At the same time it was testing a “fake” product powered by humans, the company started building the automated product to replace humans. While it used humans “behind the curtain,” it gained the benefit of learning from all the questions, including how to route the questions and the entire process with users.

This is a really good idea, as I’ve argued before on this blog and in a chapter for developers of mobile health interventions. What better way to (a) learn about how people will use and experience your service and (b) get training data for your machine learning system than to have humans-in-the-loop run the service?

My friend Chris Streeter wondered whether this was all done by Aardvark employees or whether workers on Amazon Mechanical Turk may have also been involved, especially in identifying the expertise of the early users of the service so that the employees could route the questions to the right place. I think this highlights how different parts of a service can draw on human and non-human intelligence in a variety of ways — via a micro-labor market, using skilled employees who will gain hands-on experience with customers, etc.

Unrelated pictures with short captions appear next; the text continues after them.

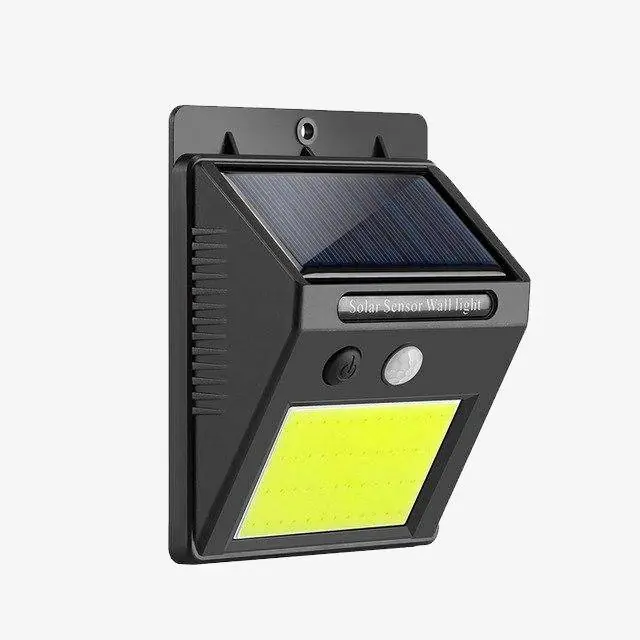 Applique Solaire 48 LEDs avec Capteur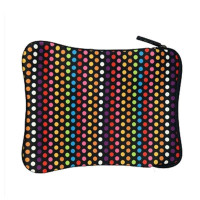 SOFTROCK彩色加厚防震电脑内胆包12寸SN-912波点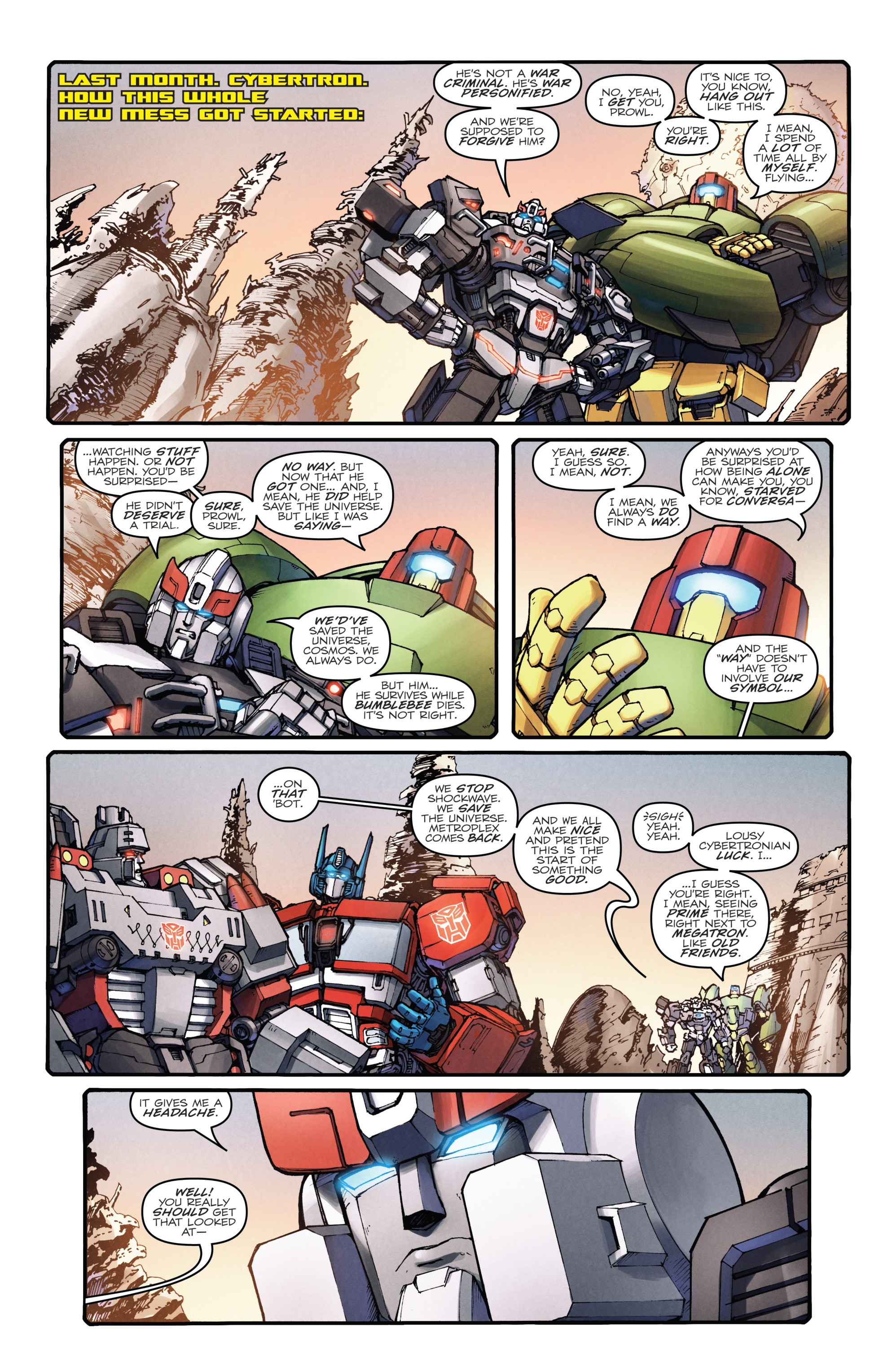 Read online Transformers: The IDW Collection Phase Two comic -  Issue # TPB 7 (Part 1) - 86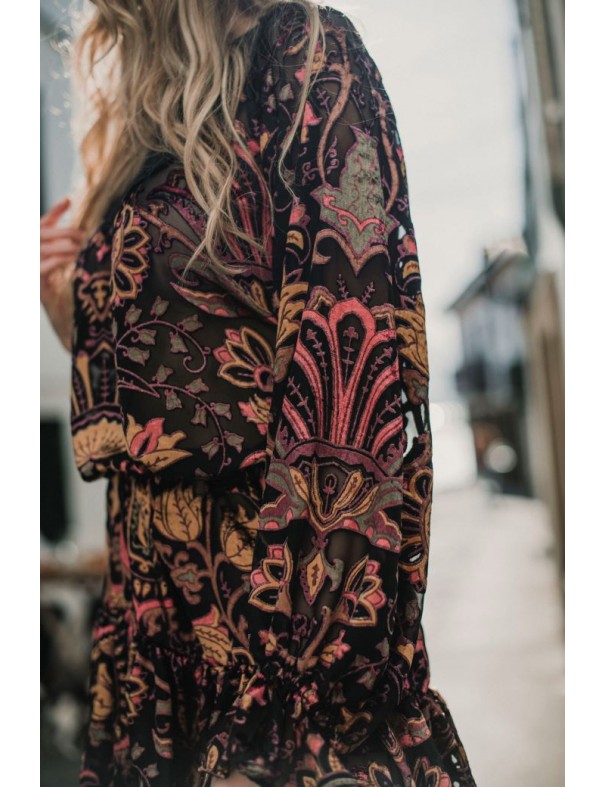Vestido Velvet Boho Piti Cuiti PITI CUITI - Lola Lolica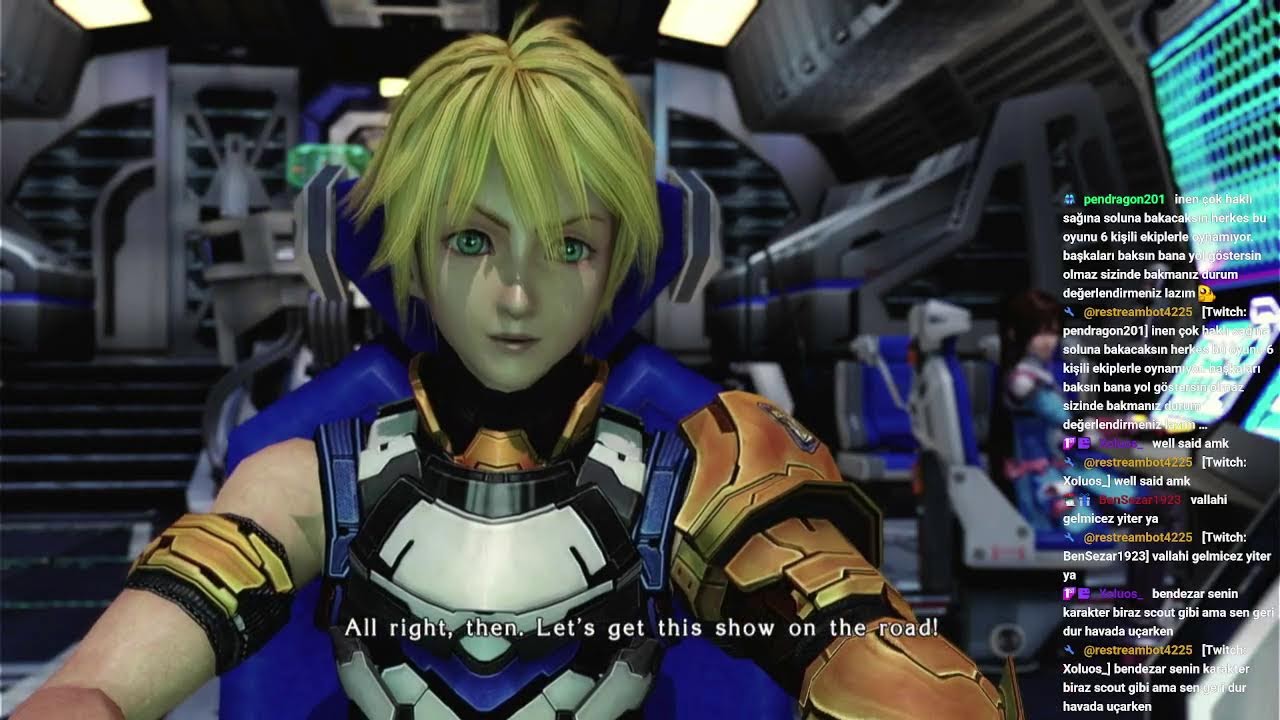 Sahur ve Star Ocean :D #oyunumadokunma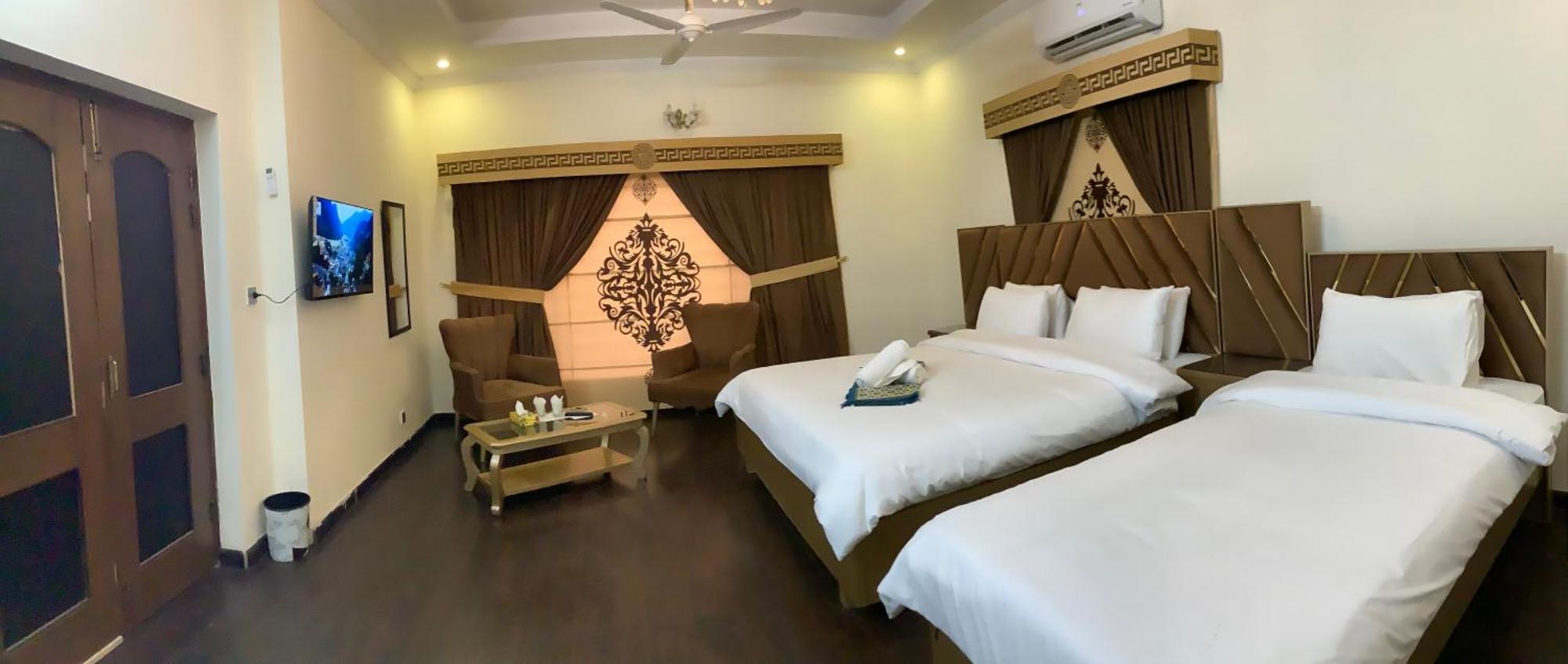 Clifton Royal Family Guest House Islamabad Exterior photo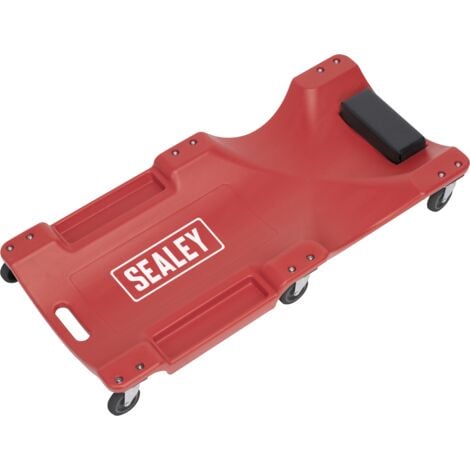 Sealey SCR80 Composite Creeper with 6 Wheels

I also wonder what UIs the humans-in-the-loop used to accomplish this. It’d be great to get a peak. I’d expect that these were certainly rough around the edges, as was the Aardvark customer-facing UI.

Aardvark does a good job of being a quite sociable agent (e.g., when using it via instant messaging) that also gets out of the way of the human–human interaction between question askers and answers. I wonder how the language used by humans to coordinate and hand-off questions may have played into creating a positive para-social interaction with vark.

“Discovering Supertaskers”: Challenges in identifying individual differences from behavior

Some new research from the University of Utah suggests that a small fraction of the population consists of “supertaskers” whose performance is not reduced by multitasking, such as when completing tasks on a mobile phone while driving.

“Supertaskers did a phenomenal job of performing several different tasks at once,” Watson says. “We’d all like to think we could do the same, but the odds are overwhelmingly against it.” (Wired News & Science News)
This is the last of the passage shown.